Another missed opportunity – El Financiero

Unfortunately, our country has been characterized by losing opportunities to consolidate the growth of its economy and become a developed country.

Today, we could be seeing one pass by that, if taken advantage of, would probably have meant an economic takeoff for Mexico as many do not imagine.

But, before we get to the present, let’s recount some of those occasions that we have missed.

Perhaps the first of these occurred in the context of the end of stabilizing development. Our country reached average economic growth rates of around 6 percent per year in the 1960s.

The growth was so remarkable that the behavior of the economy at that time was called “the Mexican miracle”. What was remarkable was that this growth also occurred in a context of very low inflation.

There was also a process of urbanization and industrialization that allowed raising the living standards of an important part of the population and at the same time generating a growing middle class.

Mexico could have continued on that path and with the growth of the middle class could have also modernized its political institutions. It did not do so and at the end of the 1960s a social crisis of great proportions was created that was expressed in the student movement of 1968 and that had as a response a greater closedness of the political system.

In economic terms, in the 1970s, instead of giving continuity to the stabilizing development strategy, the new government, headed by Luis Echeverría, produced an enormous disorder in public finances and excessive indebtedness that led to a balance of payments crisis as well as an inflationary eruption and the first devaluation of the peso against the dollar in 22 years, which occurred in 1976. A next missed opportunity occurred at the end of the 1970s.

We were barely coming out of the crisis that meant the end of Luis Echeverría’s six-year term when important discoveries of oil reserves were made in our country, in an international context in which oil prices were going up.

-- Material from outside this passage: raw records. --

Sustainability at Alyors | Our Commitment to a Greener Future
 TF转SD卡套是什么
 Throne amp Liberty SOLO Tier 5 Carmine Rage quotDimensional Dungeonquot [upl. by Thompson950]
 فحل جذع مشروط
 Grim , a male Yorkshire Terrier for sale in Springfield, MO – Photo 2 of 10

The expression of then President López Portillo in the sense that now we had to learn to manage abundance is a reflection of the mentality that existed in those years.

Instead of taking advantage of the oil surpluses to be able to generate a solid economic base and robust public finances, not dependent on oil income, there was waste, corruption, excessive indebtedness and a disorder in economic strategies, so the economy ended up collapsing when in In 1981 the price of oil fell and a new crisis began that even led the country to suspend foreign debt payments.

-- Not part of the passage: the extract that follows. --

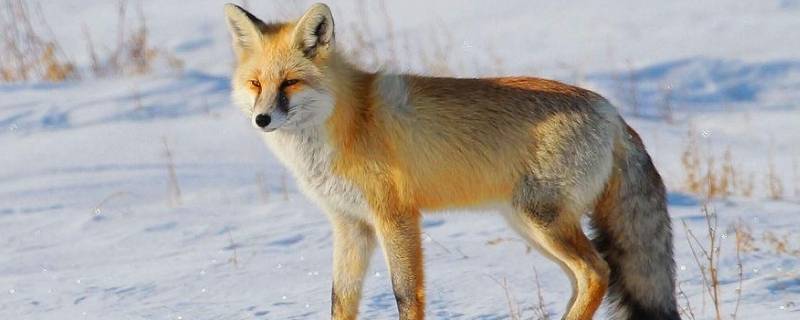 狐狸的寿命 狐狸的寿命只有十年,而鸟的寿命有七十年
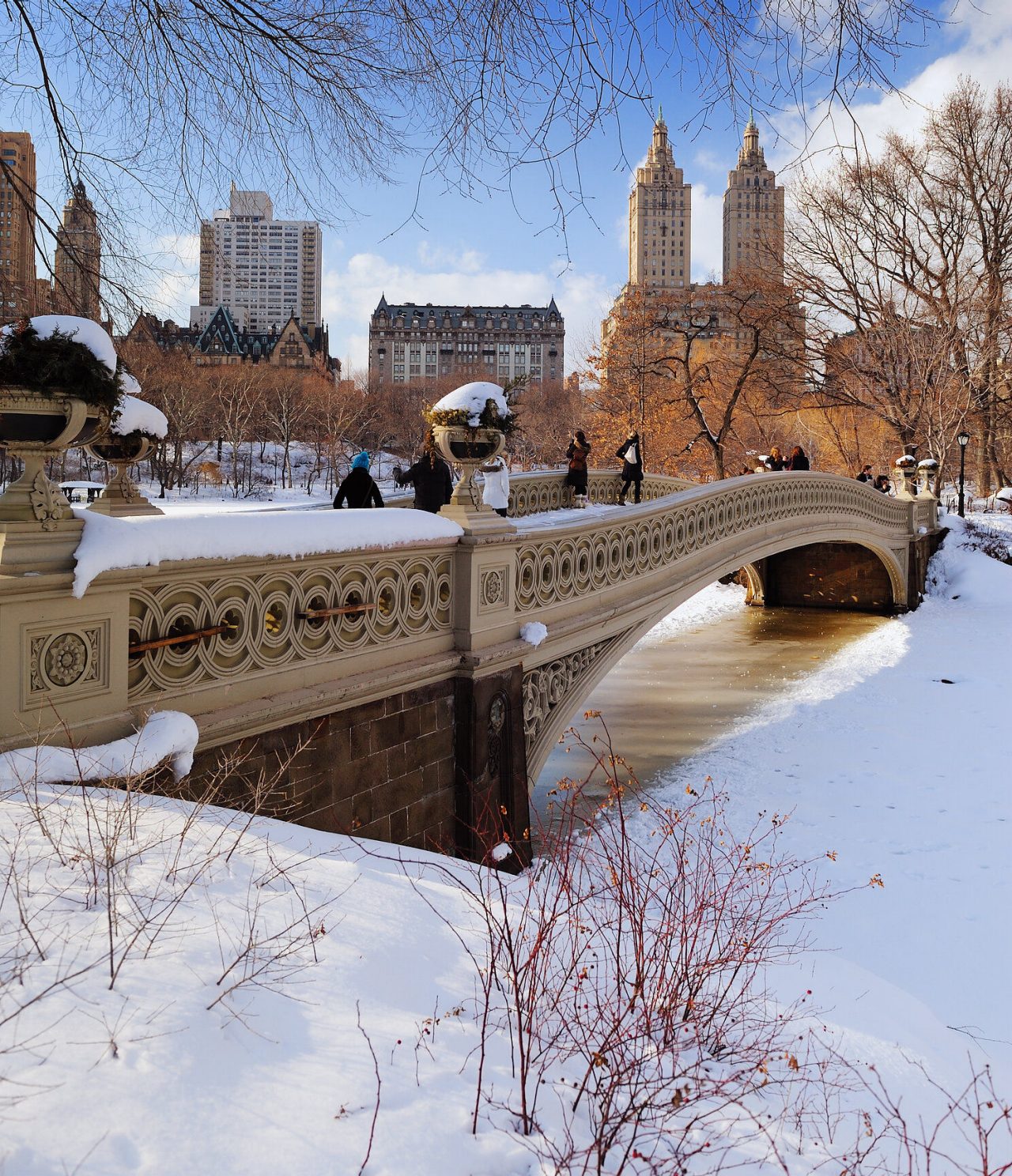 Puente en un parque de Nueva York cubierto de una capa de nieve, con un lago congelado debajo y edificios de fondo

After that, there was a new devaluation of the peso and later the nationalization of private banking, again generating a financial crisis of great proportions in 1982.

The next time that Mexico had an important opportunity to grow occurred in the 1990s after the signing of the North American Free Trade Agreement (NAFTA). However, the lack of order in the political transitions of our country, as well as the personal conduct of public finances, once again led to a balance of payments crisis in 1994 and an economic fall in 1995, which caused the bankruptcy of almost the entire banking system. With all this, exports continued to grow by virtue of the trade agreement signed and the success of a series of sectors that took advantage of that moment with an undervalued peso.

However, a vision was lacking to be able to generate growth that was not exclusive but that would reach a significant part of the population. The economy recovered only in the export enclaves and it was not possible to boost all sectors.

One more of the lost opportunities presented itself at the beginning of this century. To the surprise of many, there was a political alternation in the Executive Power in Mexico that once again attracted international attention for its ability to modernize its political system without generating conflicts and uncertainties.

The Government of Vicente Fox was able to give a new boost to the modernization of the country in all areas and take advantage of the export drive that our economy had. However, the so-called “Democratic Bonus”, as that privileged attention that Mexico received was called, lasted very little and the economy again entered a recession.

During the six-year term of Enrique Peña Nieto, an important sequence of reforms was undertaken again, highlighting that of the energy sector, which for the first time allowed private investment in areas where it was prohibited in the past, such as hydrocarbons or electricity. There was the possibility of turning our country into a power in sectors that took advantage of our geographical location and the new legal framework. Unfortunately, the Peña government lost margins of action in the face of multiple evidence of corruption and in the face of the possibility that there could be no continuity in the programs due to a probable victory of the left in 2018, as indeed happened.

We come to the present.

In the context of the geopolitical conflict between China and the United States, the COVID-19 pandemic occurred, which led multiple sectors to suffer from serious supply problems. This led many global companies to rethink the location of their operations and an important movement of investment towards our country from companies installed in China could have been generated if appropriate conditions had been offered to attract these factories.

We ended the crisis resulting from the pandemic when a war broke out in Europe that again threatens globalization and for the same reason could eventually lead North American companies and companies of other nationalities installed in China to look for places closer and less exposed than the East.

However, according to what is observed in the international environment, the fact that Mexico is not carrying out an active promotion of investments and offering incentives for them to land in the country may lead to this circumstance once again becoming an opportunity. lost and joins the very diverse ones that we have let pass by in our history.